Barnaby only rhetorically asks what it would take to produce a victory
in a war of robots against robots.  I find it incredible that we've
reached a stage where such a question is on the public agenda.  A
Deputy Director of DARPA recently asked me what I could have against
war involving only robots.  I was, for a while, speechless.  I can't
understand the world view that would produce a question like that.  It
appears there's a need for another book to answer that question, an
answer that seems to me obvious.  Perhaps the truly necessary books
are those that state the obvious.

------------------------------

Date: Wed, 26 Nov 1986  17:14 EST
From: LIN@XX.LCS.MIT.EDU
Subject: New book, *The Automated Battlefield*

A summary (written by Barnaby) of the book is in the October 1986
issue of Technology Review.

    Barnaby says that it is only a matter of the *range* of the weapons,
    By stressing defense instead of
    offense, and by making the weapons short-range instead of long-range,
    argues Barnaby, we can have a secure defense of Western Europe...

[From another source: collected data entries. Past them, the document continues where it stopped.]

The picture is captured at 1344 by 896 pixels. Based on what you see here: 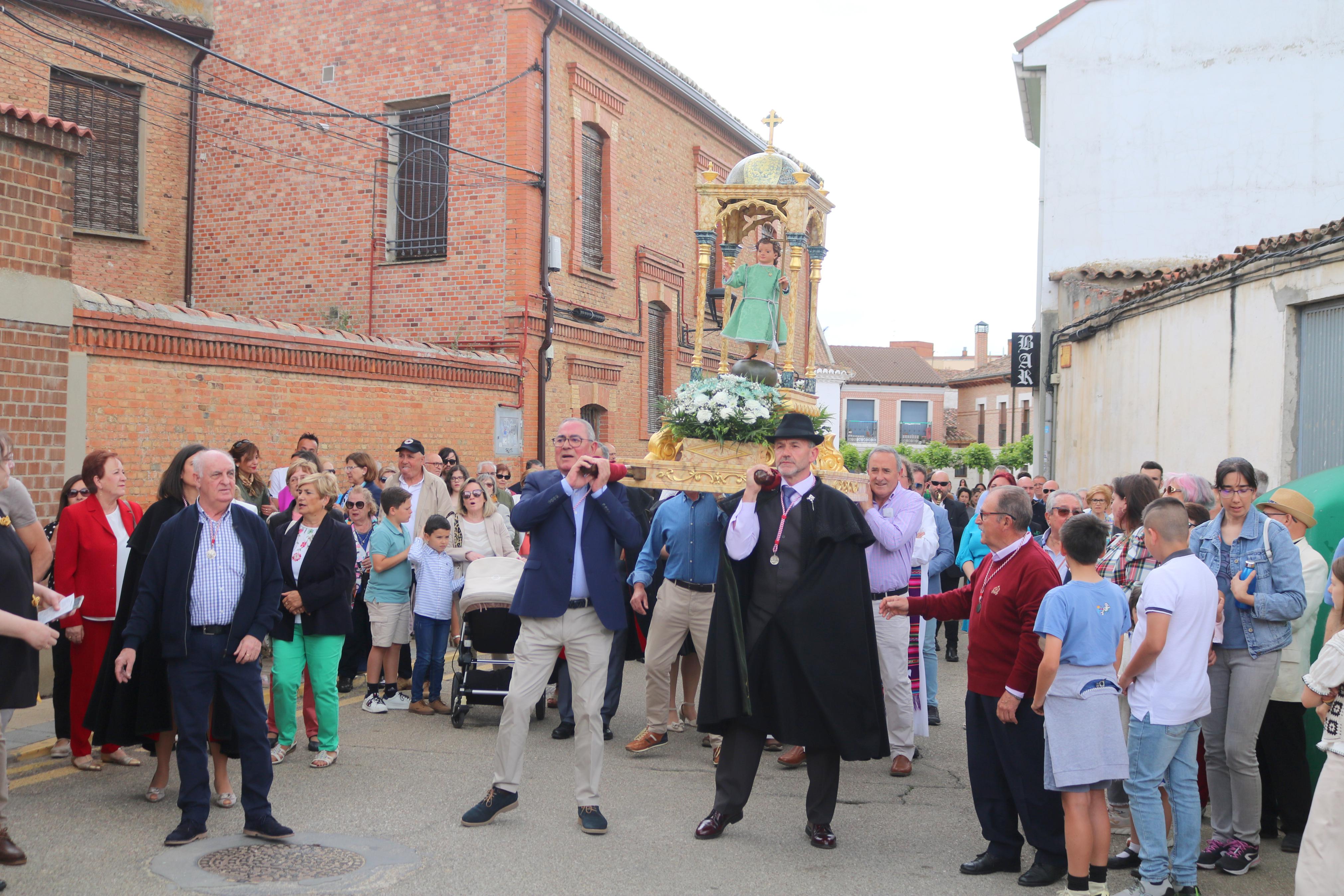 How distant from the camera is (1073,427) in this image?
19156mm

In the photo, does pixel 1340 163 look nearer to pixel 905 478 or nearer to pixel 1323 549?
pixel 905 478

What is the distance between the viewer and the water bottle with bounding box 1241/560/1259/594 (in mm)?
5555

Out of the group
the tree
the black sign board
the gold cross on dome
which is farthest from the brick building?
the gold cross on dome

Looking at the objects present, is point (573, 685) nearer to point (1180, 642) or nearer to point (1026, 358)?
point (1180, 642)

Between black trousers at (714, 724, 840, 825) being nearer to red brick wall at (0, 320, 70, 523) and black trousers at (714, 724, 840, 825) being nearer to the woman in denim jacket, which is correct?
the woman in denim jacket

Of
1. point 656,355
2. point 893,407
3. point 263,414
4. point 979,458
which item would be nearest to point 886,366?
point 893,407

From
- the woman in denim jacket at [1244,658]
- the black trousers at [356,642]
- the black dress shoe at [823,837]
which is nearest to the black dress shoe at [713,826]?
the black dress shoe at [823,837]

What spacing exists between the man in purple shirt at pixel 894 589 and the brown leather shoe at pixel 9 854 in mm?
4955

Short-range???  At least at long range you can plausibly identify a
tank as an enemy tank.  At short range, you can't even do that!  So we
have a conflict: at short range, you have to worry about killing your
own forces.  At long range, you have to worry about civilians.  

------------------------------

Date: Wednesday, 26 November 1986  12:07-EST
From: Hauptman.PA at Xerox.COM
To:   ARMS-D
Re:   Twas The Night Before Christmas

I thought the readers of ARMS-D might find this interesting. 

Steve

From: Barnett.WBST
Subject: 'Twas the night before Christmas


      Twas the Night before Christmas -- The Very Last One
	-----------------------------------------------------
  	                (Anon. 1986)

     'Twas the night before Christmas -- the very last one --
     When the blazing of lasers destroyed all our fun.

     Just as Santa had lifted off, driving his sleigh,
     A satellite spotted him making his way.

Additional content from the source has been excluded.